I started my career 35 years ago fighting to block unsafe oil drilling off the Atlantic coast, so I find it unspeakably tragic that more than three decades later we are confronting the consequences of failing to rein in our oil dependence. This latest disaster is a painful reminder: the United States needs a safer, cleaner, more economical approach to energy development, one that will help shift us away from oil and toward renewable sources that can't destroy our coasts.
I realize that drilling has brought jobs and income to Louisiana, but it has also brought intolerable risk. Forty percent of America's wetlands are found in Louisiana, yet the Mississippi River Delta loses about 24 square miles of wetlands a year as a result of dredging by oil companies and poisoned runoff from upstream farms. I traveled through the coastal region after Hurricane Katrina and saw countless remnants of barrier islands and wetlands. These places had already been made vulnerable by oil development and runoff when the storm hammered them. Now one of our most abundant ecosystems has sufferred another blow.

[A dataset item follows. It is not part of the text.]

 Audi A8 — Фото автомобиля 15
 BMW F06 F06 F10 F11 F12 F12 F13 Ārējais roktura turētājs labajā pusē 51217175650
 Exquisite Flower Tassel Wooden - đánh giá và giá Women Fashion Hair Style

The local economy will suffer, too. Louisiana is home to the largest seafood industry in the lower 48 states, with retail sales of about $1.8 billion a year. The devastation will also compromise the Gulf's multibillion-dollar tourism industry.
I have no doubt this disaster will prompt our lawmakers to take action; perhaps they will pass a series of measures focused specifically on the Gulf of Mexico. But they should also take a bigger, bolder step: pass comprehensive clean energy and climate legislation that will protect all coastal communities and marine life by moving America beyond oil. Such legislation would spur innovations -- from more fuel-efficient engines to plug-in hybrids -- that will result in cleaner cars and trucks.

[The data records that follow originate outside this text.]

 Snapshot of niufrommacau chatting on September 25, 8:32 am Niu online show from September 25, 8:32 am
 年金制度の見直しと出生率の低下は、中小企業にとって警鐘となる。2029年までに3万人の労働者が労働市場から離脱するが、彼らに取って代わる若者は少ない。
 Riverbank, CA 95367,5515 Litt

Last June, the House of Representatives passed a clean energy and climate bill, and a similar proposal was just unveiled in the Senate. We will devote the next several months to helping pass the most rigorous legislation possible. But we need your help: please tell your senators that the time has come to shift to energy solutions that protect, rather than endanger, our communities, our livelihoods, and our way of life.